Betsy will engage with the phenomenon of performance itself, in a play with the multiple relational possibilities between performers and spectators, and between a work and its spectators. Betsy will be presented with the audience surrounding the performance arena, each viewer necessarily experiencing the performance materials differently due to their distinct vantage point, enabling spectators to watch the dance, themselves, and each other as they watch the dance together.  

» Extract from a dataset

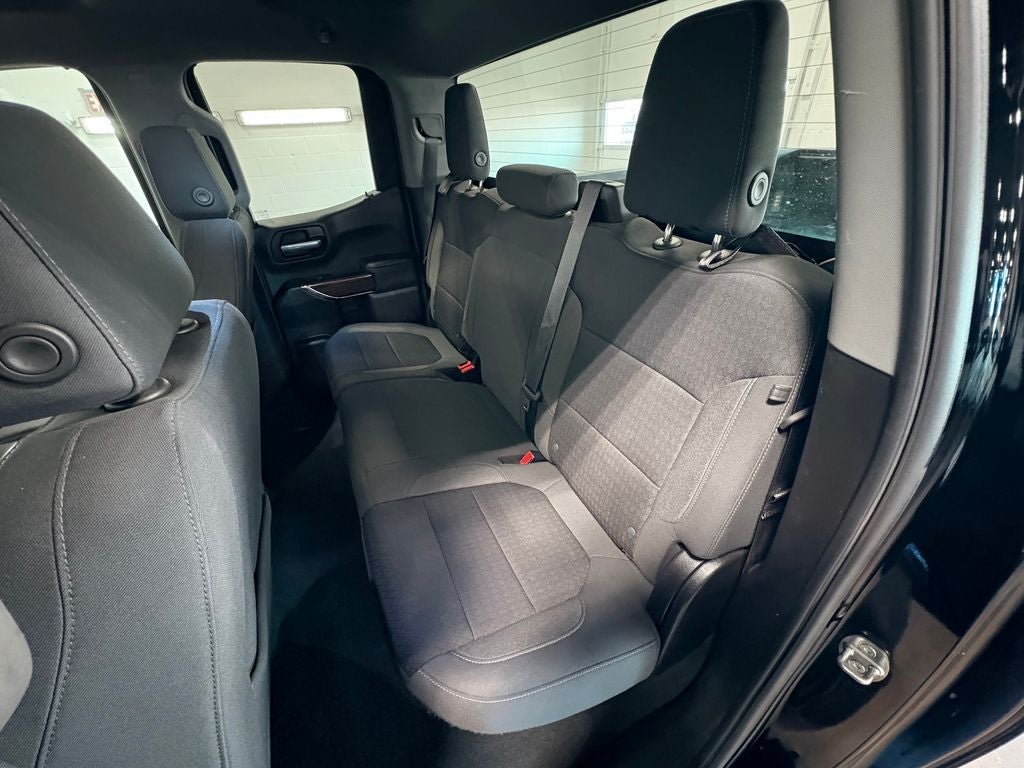 2021 GMC Sierra 1500 SLE X31 Off-Road Package & HD Rear Vision Camera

Betsy is the latest iteration of Greenberg’s ongoing exploration into the construction of meaning-making and meaningfulness, a project he began with his first La Mama production in 1987, MacGuffin or How Meanings Get Lost.  Betsy makes use of projected written text that situates the dance within a two-pandemic landscape of COVID and AIDS, and within the also-ongoing crisis of racism and white supremacy. Betsy seeks to expose the cultural rootedness of any performance material in the conditions of its production. The use of text simultaneously gestures toward the kind of meaning-making encouraged by language while also intervening to allow for other perceptual possibilities.

Photos by Frank Mullaney

Neil Greenberg (he, him) is a white, queer, HIV+, cisgender man-person perhaps best known for his Not-About-AIDS-Dance (1994), which employs projected text as a layering strategy that gestures toward the impossibility of divorcing any human product from the context in which it is made, while also framing this cultural-situatedness within questions about meaning-making and meaningfulness vis-à-vis dance. Most recent projects: The Disco Project Installation (2021, 2022), 3-channel video recontextualizing that 1995 work for gallery settings, and To the things themselves! (2018), continuing his (utopian) interest in the move away from representation toward an experience of the performance moment in and of itself. Merce Cunningham Dance Company 1979-86; Dance Curator, The Kitchen 1995-99; Dance faculty – The New School (currently), UC Riverside, Purchase College and Sarah Lawrence College (previously).